The Black Box Intelligence (formerly TDn2K) third quarter State of the Restaurant Industry webinar discussed trends from the first half of 2016 and the latest Restaurant Industry Snapshot™. Speakers included: Joel Naroff, Black Box Intelligence (formerly TDn2K) Economist and President of Naroff Economic Advisors; Victor Fernandez, Executive Director of Insights and Knowledge at Black Box Intelligence (formerly TDn2K); and Wally Doolin, Chairman and Co-Founder of Black Box Intelligence (formerly TDn2K).

Here are some of the key data points from the Restaurant Industry Snapshot for June 2016:

  • Comp sales growth was -1.1 percent in June and -0.7 percent for second quarter
  • Traffic growth for second quarter was -3.0 percent
  • Food and alcohol comp sales were down for both June and second quarter
  • Turnover increased again at both the hourly and management level in May
  • Hourly turnover rates have not decreased since September 2013

Check out our recent video for more snapshot highlights:

Overall Economy

Naroff kicked off the discussion with an overview of the U.S. economy and how it has affected restaurant growth in the first two quarters of 2016. The first issue he addressed was the evident slowing of the economy and the concerns that a recession is in the forecast. “A significant number of people are wondering whether or not we are looking at a recession as we go through the second half of the year. My view is that is not in the cards by any means.”

Despite the warning signs, Naroff explained that job gains, which had dramatically slowed in April and May, turned around quite sharply in June. Overall, job gains throughout the year have remained moderate, which indicates the job market is still in pretty good shape. Likewise, consumer confidence was very strong at the end of June.

In terms of the restaurant industry, sales growth is closely correlated with income growth. Throughout 2014 and 2015, the industry experienced a surge in restaurant sales that was paired with moderate income growth. Now, however, income growth has stabilized, which has resulted in restaurant sales growth decreasing from elevated levels throughout this year. What does this mean for the coming quarters? “Expect sales to increase at trend rates, which should intensify the battle across sectors – as well as within the restaurant sector – for the consumer’s dollar.”
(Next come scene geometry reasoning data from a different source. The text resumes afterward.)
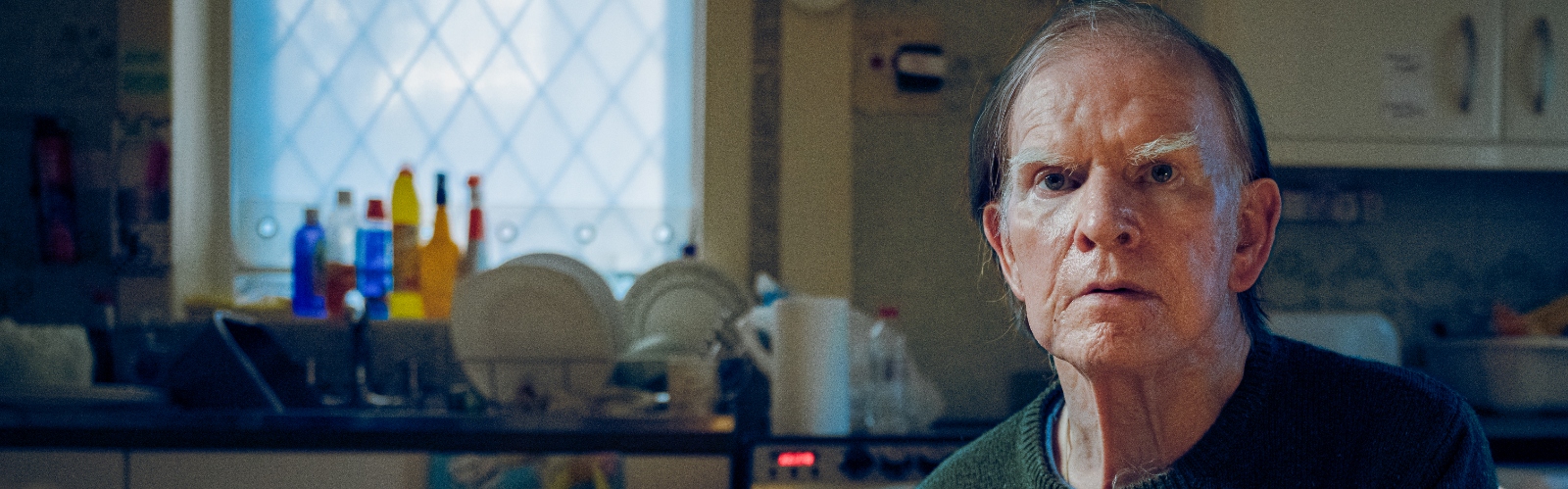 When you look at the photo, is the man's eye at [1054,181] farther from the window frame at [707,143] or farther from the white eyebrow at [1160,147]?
the window frame at [707,143]

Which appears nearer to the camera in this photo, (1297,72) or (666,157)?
(1297,72)

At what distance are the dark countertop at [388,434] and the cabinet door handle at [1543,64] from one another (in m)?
1.82

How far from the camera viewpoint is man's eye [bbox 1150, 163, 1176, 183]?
586mm

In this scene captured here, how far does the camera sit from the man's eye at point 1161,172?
0.59m

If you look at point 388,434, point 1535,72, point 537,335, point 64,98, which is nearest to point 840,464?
point 537,335

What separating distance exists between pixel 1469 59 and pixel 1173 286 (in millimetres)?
1876

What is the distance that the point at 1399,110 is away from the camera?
6.49 feet

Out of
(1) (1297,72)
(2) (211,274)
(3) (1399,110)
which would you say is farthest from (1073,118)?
(2) (211,274)

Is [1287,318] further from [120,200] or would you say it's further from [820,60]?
[120,200]

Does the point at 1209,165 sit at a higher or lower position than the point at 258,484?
higher

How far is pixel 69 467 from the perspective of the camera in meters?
1.51

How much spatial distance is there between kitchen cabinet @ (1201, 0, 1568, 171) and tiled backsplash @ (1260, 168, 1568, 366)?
338mm

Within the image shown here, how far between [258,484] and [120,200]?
3.42 ft

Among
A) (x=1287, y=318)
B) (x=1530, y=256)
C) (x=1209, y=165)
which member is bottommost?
(x=1287, y=318) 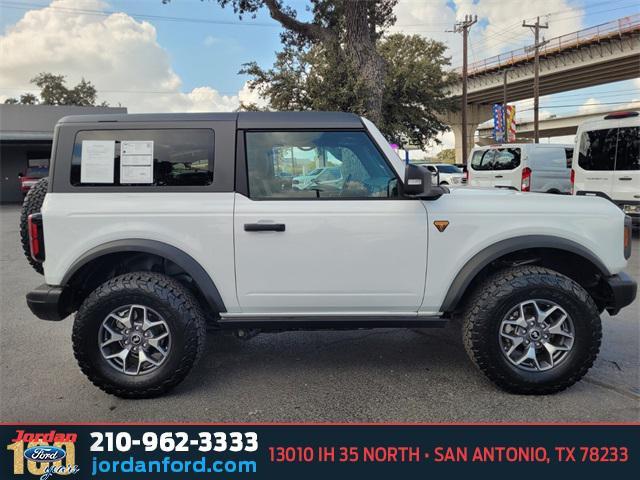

“A significant number of people are wondering whether or not we are looking at a recession as we go through the second half of the year. My view is that is not in the cards by any means.”

Sales and Traffic

The restaurant industry just experienced its second consecutive quarter of negative comp sales, which has not happened in over two years. Fernandez explained that Financial Intelligence (formerly Black Box Intelligence) comp sales have been trending downward since the middle of last year, with a sharp drop in the first quarter of 2016.

Additionally, looking at a two-year basis, restaurants have experienced a four percent loss in traffic growth.

Some dining segments are performing worse than others. Fast casual, casual dining and family dining segments all reported negative comp sales in the second quarter. On the other hand, quick service and fine dining both saw positive growth. Quick service had the highest percentage of companies with positive comp sales growth, while fine dining had the highest percentage of companies with positive comp traffic growth. It is important to note these segments also had the lowest guest check growth. On the quick service side, this is likely due to the aggressive pricing and value that customers are now favoring.

Workforce Challenges

Turnover continued to increase at both the hourly and management levels in the second quarter, with management turnover rates now trending higher than prior to the recession. Quick service, fast casual and casual dining all reported hourly turnover rates over 100 percent last quarter, and quick service reported the highest management turnover rate in the industry at over 50 percent.

On a national basis, the southwest and midwest regions are suffering the most from high turnover rates. States such as Texas, Oklahoma, Tennessee and Kentucky experienced very high turnover rates in both counter service and full service restaurants during the first quarter of the year. Meanwhile, states in the western regions, such as California, Nevada and Arizona reported much lower turnover during the first quarter.

Finally, restaurants are now struggling to adapt to the recent Fair Labor Standards Act (FLSA) regulation changes on overtime. In a recent Workforce Intelligence (formerly People Report) survey, 64 percent of quick service restaurants reported that over half of their general managers will be affected by these changes. In response, restaurants are considering a variety of options that include increasing employee pay to meet the new guidelines and reclassifying affected employees as hourly. Reclassifying employees is the number one strategy for table service brands, while the majority of quick service restaurants are opting to increase pay.